L’assetto politico e sociale del Perù è turbato in questi giorni da violente contestazioni che coinvolgono le principali aree minerarie del Paese.
Giorni fa la statunitense Newmont – società mineraria statunitense – aveva annunciato un rallentamento nei suoi progetti di implementazione della miniera di Conga (nella regione di Cajamarca evidenziata in rosso nella mappa) a causa delle garanzie richieste dal governo di Humala sul rispetto del fabbisogno idrico della popolazione presente nell’area e sulla tenuta di determinati vincoli ambientali. In realtà, la stessa Newmont ha garantito la continuità del proprio progetto, che rappresenterebbe il più grande investimento minerario nel territorio peruviano (4800 milioni di dollari), circoscrivendo il rallentamento al biennio 2012-2013.
Ma la questione che si pone in evidenza tra lunedì (28/05) e martedì (29/05) è quella scaturita dal presunto inquinamento idrico ed ambientale causato dal complesso minerario appartenente alla svizzera Xtrata. La società elvetica che controlla l’estrazione mineraria nei principali giacimenti delle regioni di Cuzco (Tintaya, Espinar, Cuzco – la regione nel suo complesso è evidenziata in verde nella mappa), è stata accusata di essere responsabile dell’inquinamento fluviale dell’area.
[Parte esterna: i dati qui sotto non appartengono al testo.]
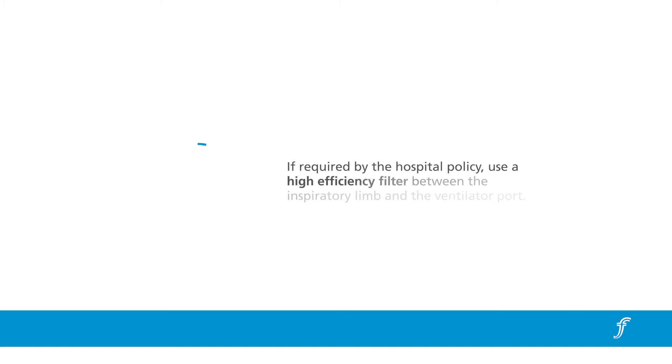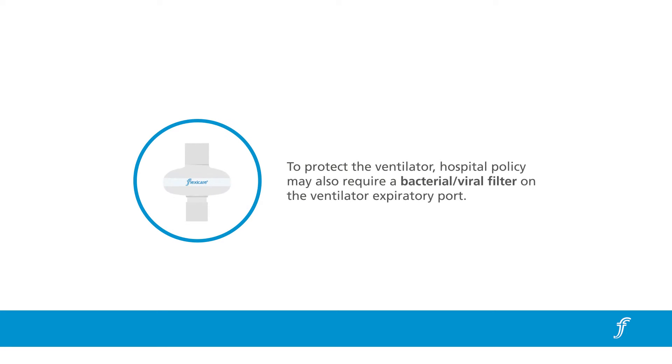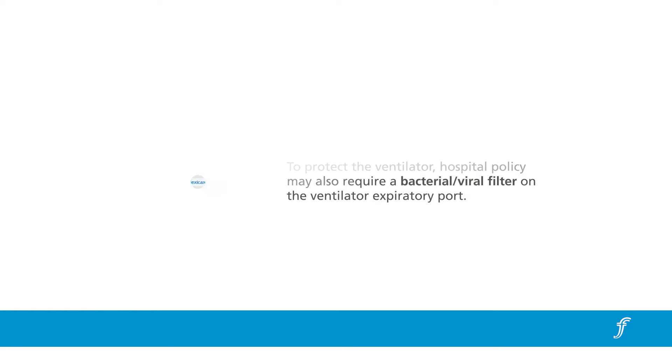If required by the hospital policy, use a high-efficiency filter between the inspiratory limb and the ventilator port. To protect the ventilator, hospital policy may also require a bacterial viral filter on the ventilator expiratory port.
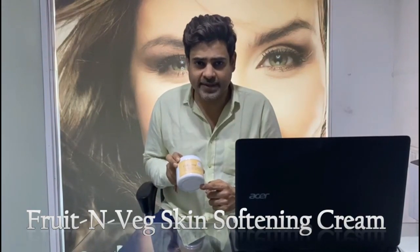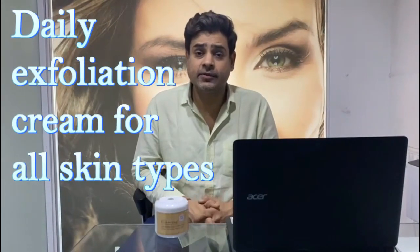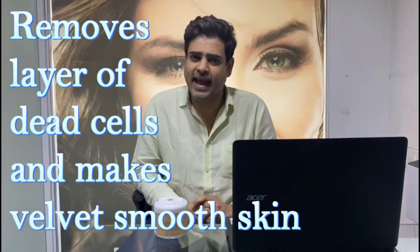Hello everyone, welcome to the world of Raul Fateh's innovations — fruit and veg skin softening cream. It's a daily exfoliation cream for all skin types with fruits and vegetable extracts. It gently removes a layer of dead cells from the skin and makes velvet smooth skin.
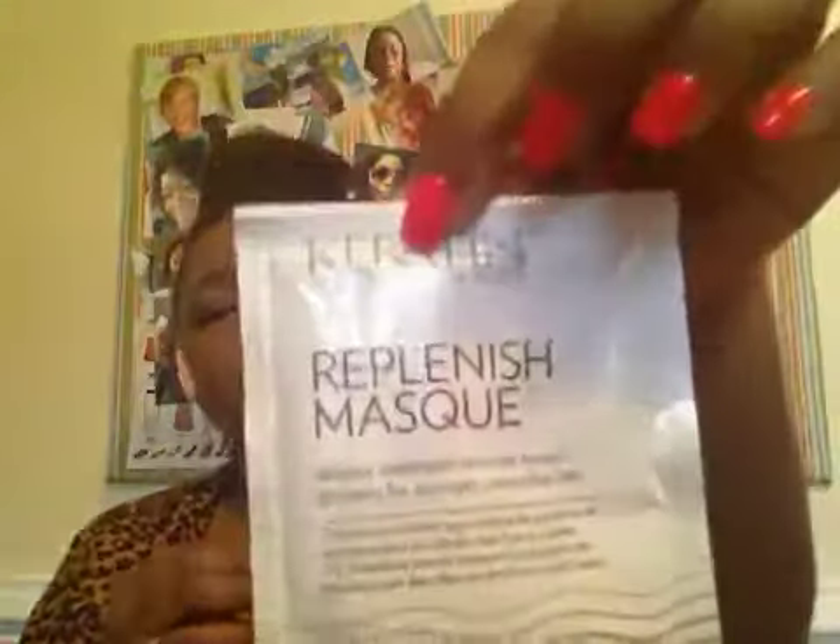Inside the Curl Kit I have a Replenish Mask. This is an intense moisture treatment that restores keratin proteins for stronger, smoother hair. It's a pretty big packet. It's a conditioner — leave on for two to five minutes and then rinse out thoroughly. It's a keratin maintenance package.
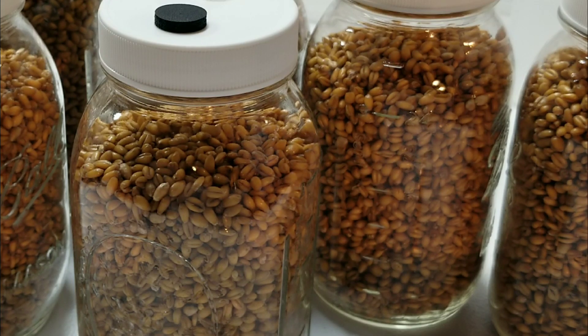Moisture balance is very important in all things mushroom growing and grain spawn hydration is no exception. I'm using wheat grain but this technique can be used for pretty much any grain. Some grains are a little harder to hydrate than others - sorghum is a little more difficult, popcorn you may have to extend your soak times or start with hotter water. I prefer a soak method and do not like to cook my grain because the cooking process leads to burst kernels, which greatly increase the risk of bacterial contamination.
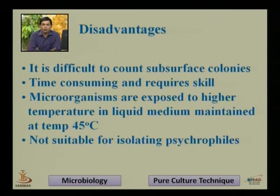Microorganisms are exposed to higher temperature in liquid medium maintained at 45 degrees Celsius. That is why it is not suitable for the isolation of psychrophiles, because we are transferring 1 ml of culture suspension into the molten agar medium at 45 degrees Celsius. Bacteria that grow at 10 degrees Celsius, 12 degrees Celsius, or lower are called psychrophiles and cannot survive in such medium.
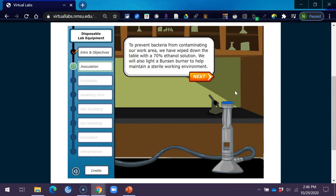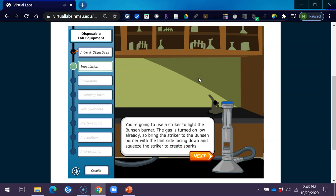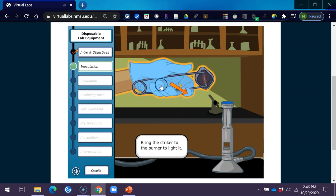To prevent bacteria from contaminating our work area, we have wiped down the table with a 70% ethanol solution. We will also light a Bunsen burner to help maintain a sterile working environment. Use a striker to light the Bunsen burner — the gas is turned on low already. Bring the striker to the Bunsen burner with the flint side facing down and squeeze the striker to create sparks, then bring it to the burner to light it.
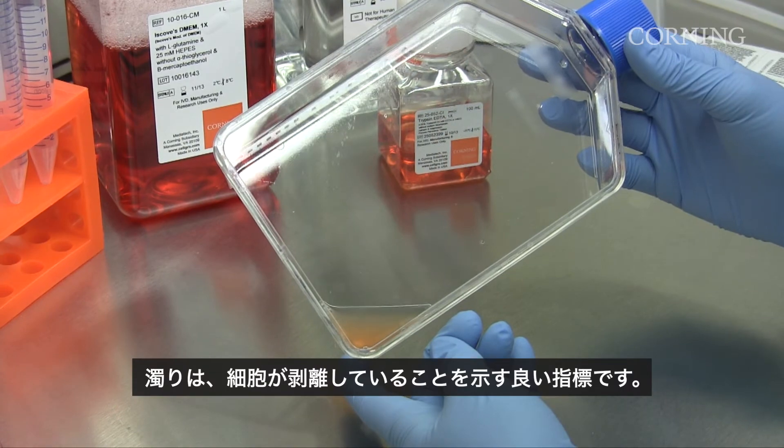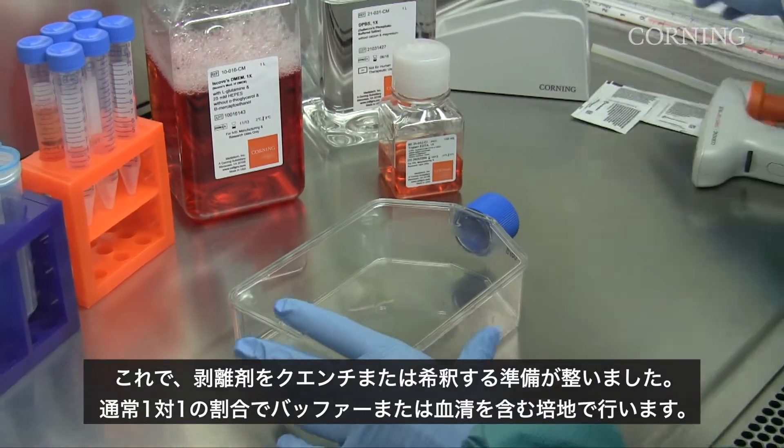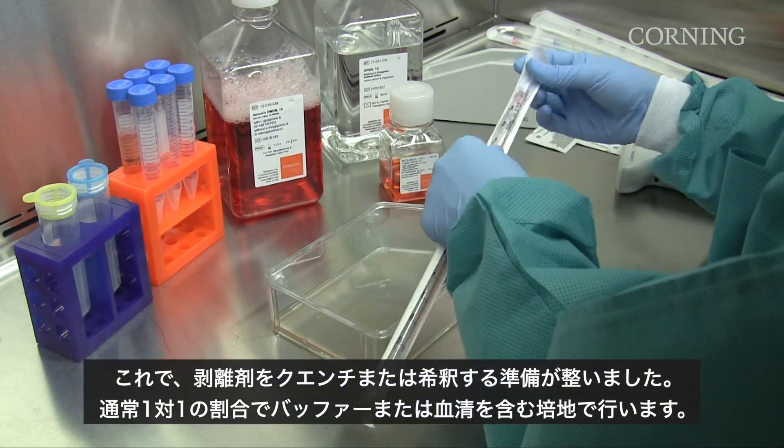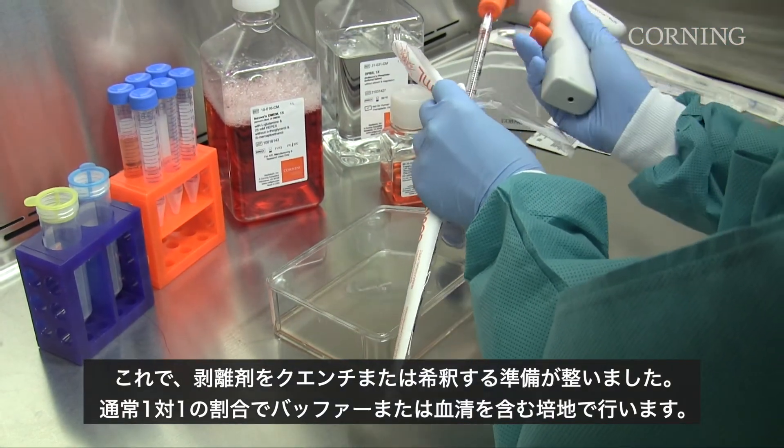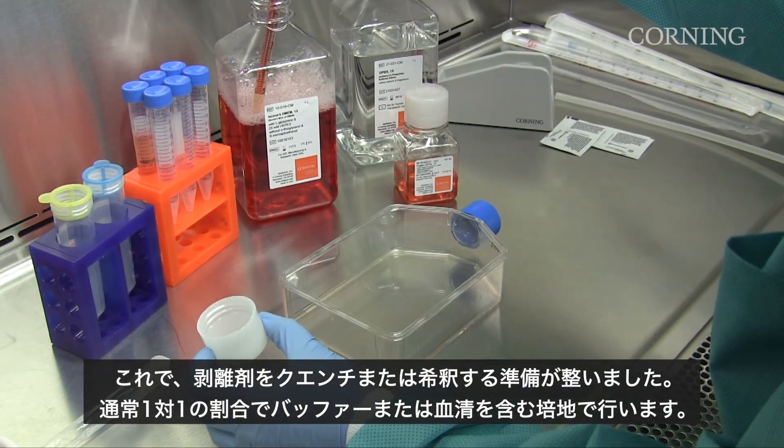Turbidity is a good indicator that the cells have detached, so now we are ready to quench or dilute the dissociation reagent, usually in a ratio of 1 to 1, with either your buffer solution or media containing serum.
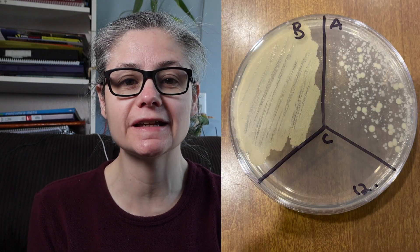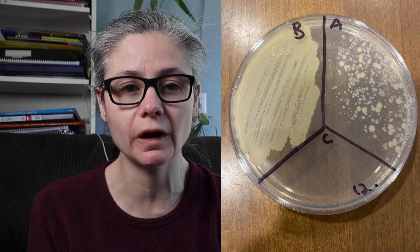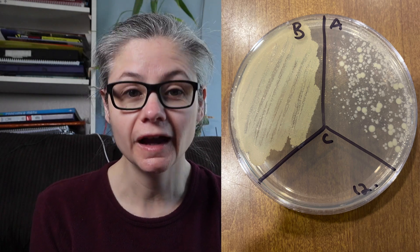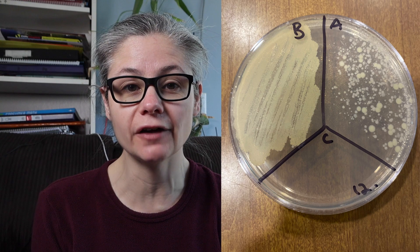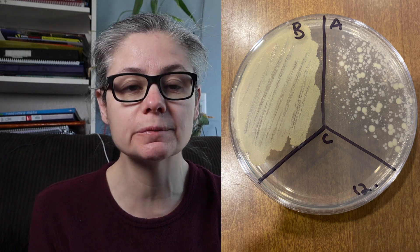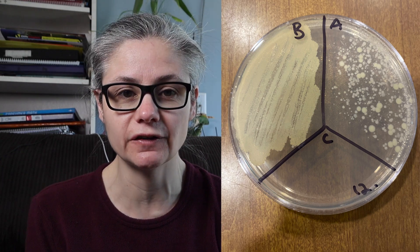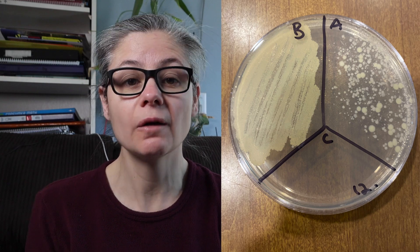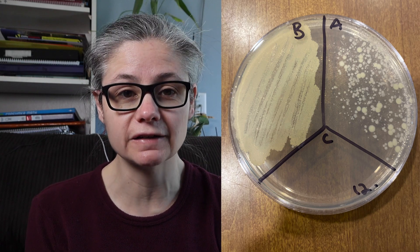Now for some results. Looking at our petri dish here, we can see the section B for before has a ton of bacteria from the toilet bowl. And this section labeled A for after, we can see a visible decrease in bacteria. It's not quite as profound as we see in some other toilet bowl cleaners, but there is a decrease in bacteria.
Da ciò si evidenzia come, nella fattispecie, non sia il tema della disoccupazione a creare attriti sociali bensì il tema ambientale. Gli scontri di lunedì d’altra parte, suggeriscono un’analisi stratificata volta ad addentrarsi progressivamente sin dentro alla spinosa questione ambientale.
Primo atto: azioni e conseguenze dei fatti di Espinar
I dissidi ambientalisti sono sfociati lunedì scorso in una violenta protesta nella zona di Espinar (indicata con una stella nella mappa). I manifestanti hanno preso d’assalto lo stabilimento minerario provocando gravi disordini sia nell’interland che a livello di viabilità. La protesta è degenerata quando alla marcia si è opposto lo schieramento di forze dell’ordine: il bilancio riporta due vittime civili e 76 feriti tra poliziotti e manifestanti.
La risposta del governo centrale non si è fatta attendere ed il presidente, Ollanta Humala, ha indetto lo stato di emergenza per le province interessate. L’articolo 137 della Costituzione peruviana prevede che tale decreto può interessare, per un determinato periodo, tutto il territorio nazionale o parte di esso. Inoltre prevede che “lo stato di emergenza è previsto nel caso di turbamento dell’ordine interno e della pace, di un disastro o di una situazione grave che riguarda la vita della nazione. In questa eventualità, può essere limitato o sospeso l’esercizio dei diritti costituzionali di libertà e sicurezza personale, l’inviolabilità del domicilio e la libertà di riunione e di transito attraverso il territorio”. Infine, la stessa Costituzione, pone dei limiti temporali allo stato di emergenza – non oltre i 45 giorni e il prolungamento prevede l’approvazione da parte del Congresso – ed inoltre dà al Presidente della Repubblica la possibilità di valutare se assegnare il controllo alle Forze Armate per il periodo di emergenza nell’area in oggetto.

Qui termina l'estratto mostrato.